- EXERCISE BRIEF: This exercise calls for all the entries that follow to be set down exactly, without their images.
****************
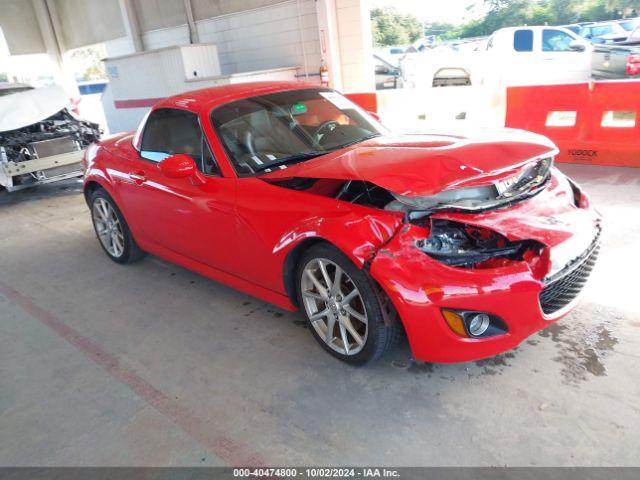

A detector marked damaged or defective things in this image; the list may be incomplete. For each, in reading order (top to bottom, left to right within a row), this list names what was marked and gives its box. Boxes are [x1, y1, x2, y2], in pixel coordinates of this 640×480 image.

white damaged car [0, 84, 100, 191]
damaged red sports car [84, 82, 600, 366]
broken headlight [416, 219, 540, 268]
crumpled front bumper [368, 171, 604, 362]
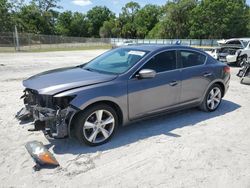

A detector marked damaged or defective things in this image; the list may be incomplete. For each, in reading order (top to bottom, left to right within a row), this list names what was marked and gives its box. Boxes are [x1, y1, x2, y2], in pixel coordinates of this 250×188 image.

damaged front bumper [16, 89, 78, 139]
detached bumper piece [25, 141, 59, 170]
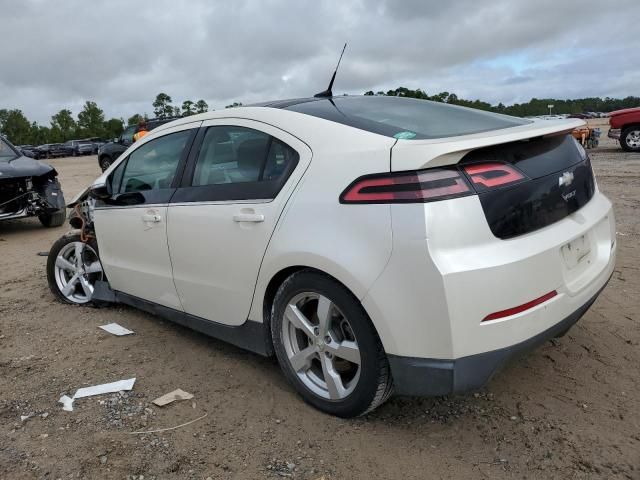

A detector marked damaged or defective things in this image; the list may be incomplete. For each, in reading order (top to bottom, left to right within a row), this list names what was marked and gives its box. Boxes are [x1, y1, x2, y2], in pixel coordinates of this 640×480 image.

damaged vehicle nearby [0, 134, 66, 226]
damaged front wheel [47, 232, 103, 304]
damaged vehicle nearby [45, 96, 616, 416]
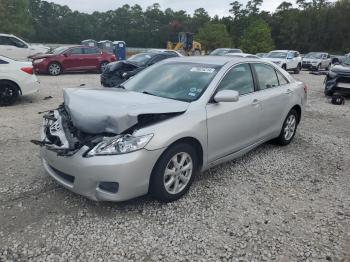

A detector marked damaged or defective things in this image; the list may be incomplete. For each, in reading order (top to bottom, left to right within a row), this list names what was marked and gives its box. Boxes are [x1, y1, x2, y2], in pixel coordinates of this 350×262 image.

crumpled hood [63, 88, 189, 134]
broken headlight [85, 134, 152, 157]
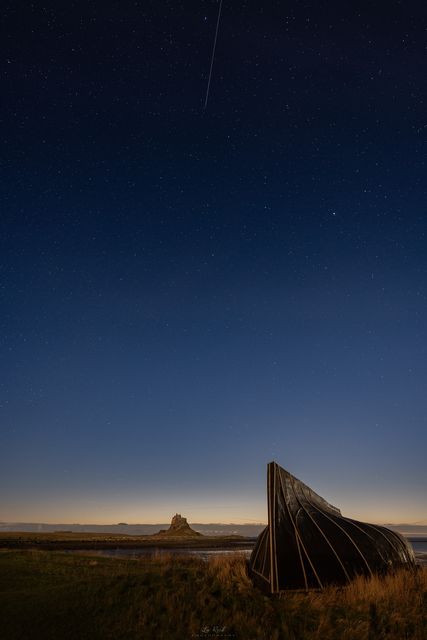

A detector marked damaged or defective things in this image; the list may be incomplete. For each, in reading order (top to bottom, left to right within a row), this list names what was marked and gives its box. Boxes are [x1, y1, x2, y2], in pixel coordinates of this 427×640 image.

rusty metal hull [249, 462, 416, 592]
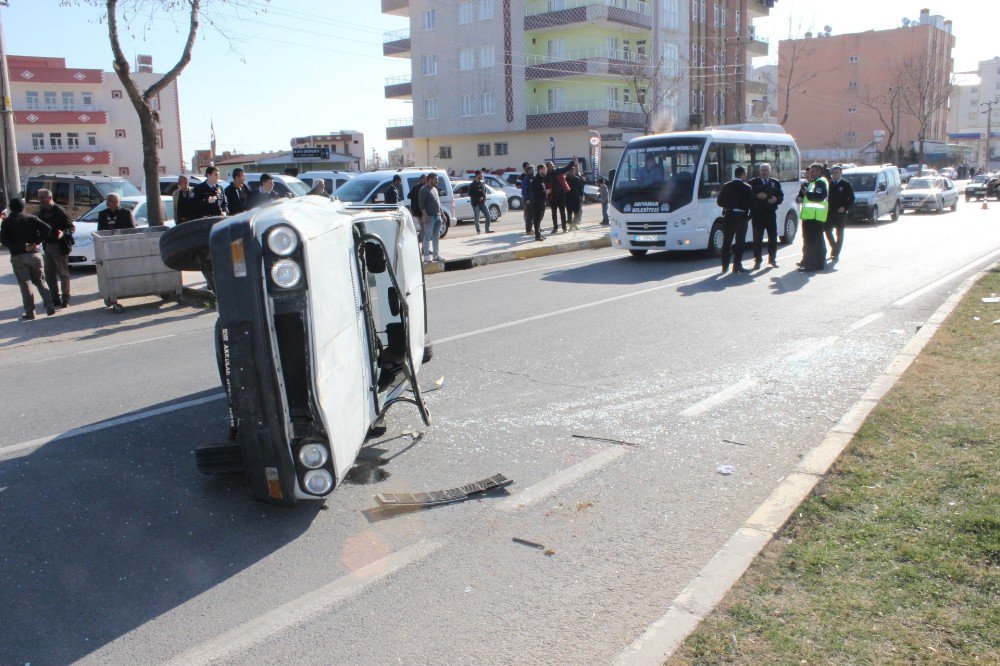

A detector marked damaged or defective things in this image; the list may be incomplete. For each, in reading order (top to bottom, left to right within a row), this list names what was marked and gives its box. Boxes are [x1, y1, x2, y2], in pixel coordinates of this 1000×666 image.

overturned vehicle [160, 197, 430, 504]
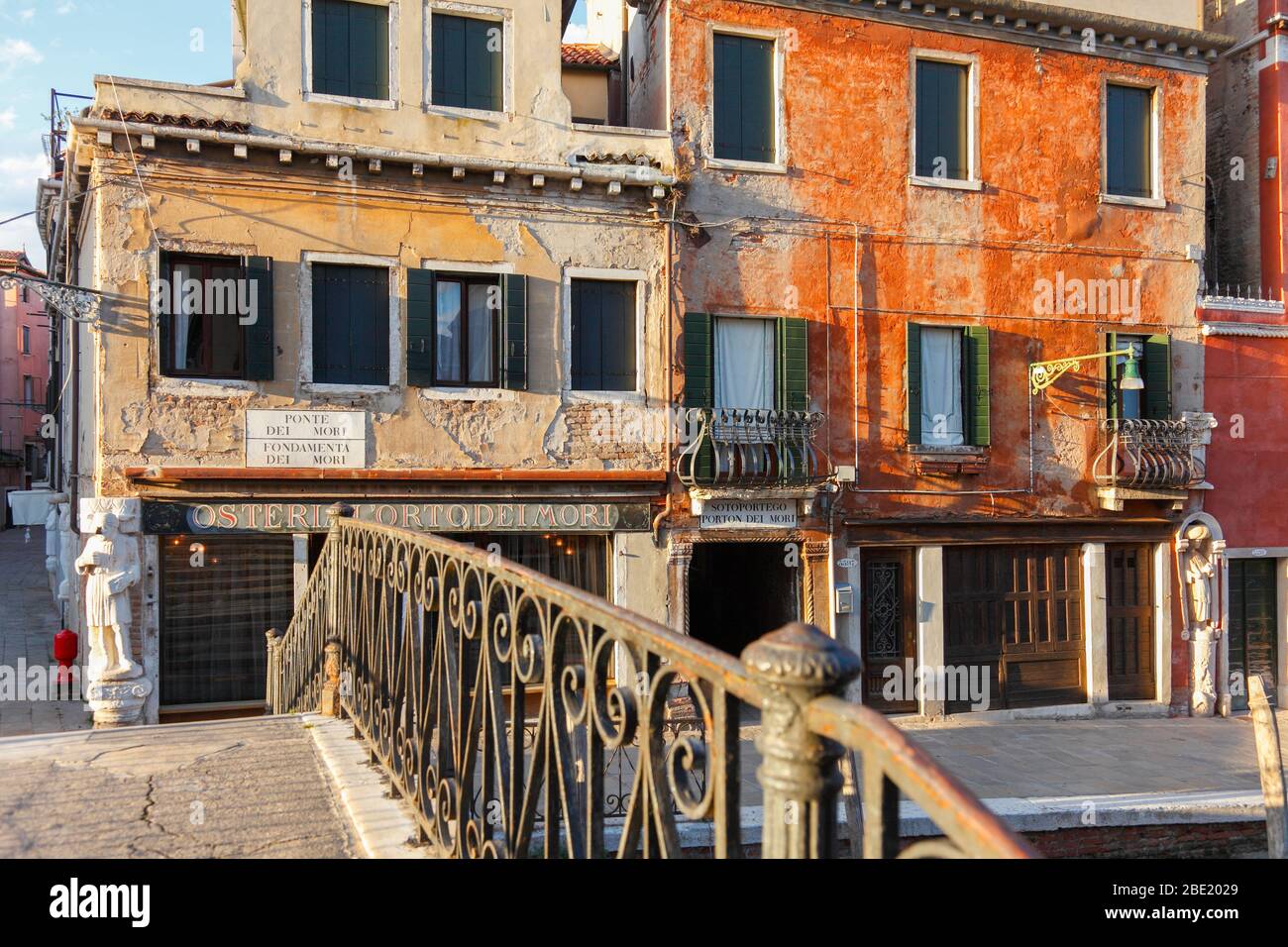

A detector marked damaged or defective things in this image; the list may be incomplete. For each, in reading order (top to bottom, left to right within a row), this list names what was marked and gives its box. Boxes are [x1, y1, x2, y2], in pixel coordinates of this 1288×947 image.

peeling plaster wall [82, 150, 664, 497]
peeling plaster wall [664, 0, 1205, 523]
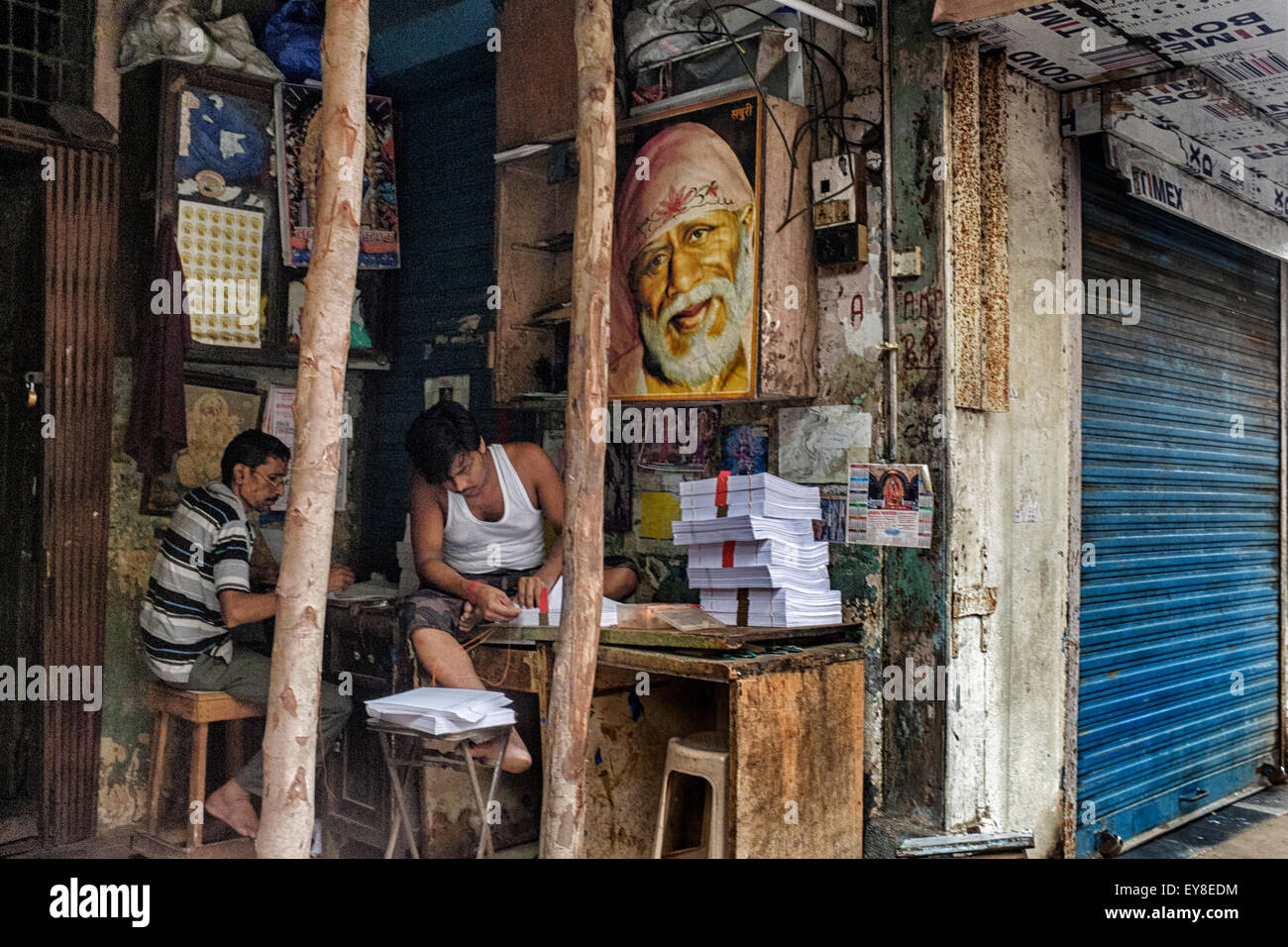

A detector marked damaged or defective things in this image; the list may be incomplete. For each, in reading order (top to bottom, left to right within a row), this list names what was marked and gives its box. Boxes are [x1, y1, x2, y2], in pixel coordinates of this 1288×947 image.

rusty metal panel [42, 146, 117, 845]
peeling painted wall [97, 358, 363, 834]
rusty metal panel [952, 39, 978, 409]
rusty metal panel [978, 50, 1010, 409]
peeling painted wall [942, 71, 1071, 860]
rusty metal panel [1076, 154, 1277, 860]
****************
- RESPONSE FOR THIS EXERCISE:
A detector marked damaged or defective things in this image; the list may be incomplete. For each, in reading order (top to bottom, left to right within a row), this list names what was marked and gives its box. Boxes are [x1, y1, x2, y2], in pixel coordinates of this 640×480 image.

white damaged car [0, 84, 100, 191]
damaged red sports car [84, 82, 600, 366]
broken headlight [416, 219, 540, 268]
crumpled front bumper [368, 171, 604, 362]

A detector marked damaged or defective things in this image; the list may be incomplete. For each, in reading order (top to bottom, left to right within a row), this list names what was marked and gives its box. Boxes are [x1, y1, x2, y2], in pixel coordinates of this 250×188 image.

damaged front bumper [16, 89, 78, 139]
detached bumper piece [25, 141, 59, 170]

A detector marked damaged or defective things in this image; the list may be incomplete. For each, in reading order (top to bottom, left to right within a row), this list names what was marked and gives its box. Boxes are [x1, y1, x2, y2], in pixel coordinates of this 640×480 image.

damaged vehicle nearby [0, 134, 66, 226]
damaged front wheel [47, 232, 103, 304]
damaged vehicle nearby [45, 96, 616, 416]

A detector marked damaged or defective things in this image; the list may be incomplete. For each, in reading order (top to bottom, left to right within a row), this list names what was marked and gives its box. Boxes are [x1, y1, x2, y2], in pixel coordinates of this 350×262 image.

crumpled hood [63, 88, 189, 134]
broken headlight [85, 134, 152, 157]

A detector marked damaged or defective things in this image; the list may be incomplete. For each, in reading order (top to bottom, left to right within a row), this list names what was marked and gives its box. Boxes are [x1, y1, x2, y2], in pixel coordinates of this 427×640 image.

rusty metal hull [249, 462, 416, 592]

A detector marked damaged or defective things in this image; the list may be incomplete. For each, in reading order (top to bottom, left to right within a row), this list names what was marked and gives its box. Boxes are [x1, y1, x2, y2], in pixel coordinates of this 1000×666 image.

overturned vehicle [160, 197, 430, 504]

A detector marked damaged or defective things in this image; the list may be incomplete. For each, in reading order (top to bottom, left to right within a row), this list names what was marked and gives its box. Boxes are [x1, y1, x2, y2], in pixel coordinates of this 1288×947 image.

peeling plaster wall [82, 150, 664, 497]
peeling plaster wall [664, 0, 1205, 523]

A detector marked damaged or defective things in this image; the list may be incomplete. For each, in reading order (top to bottom, left to right within a row), this list names what was marked and gives its box. Boxes are [x1, y1, x2, y2], in pixel coordinates of this 1288×947 image.

rusty metal panel [42, 146, 117, 845]
peeling painted wall [97, 358, 363, 834]
rusty metal panel [952, 39, 978, 409]
rusty metal panel [978, 50, 1010, 409]
peeling painted wall [942, 71, 1071, 860]
rusty metal panel [1076, 154, 1277, 860]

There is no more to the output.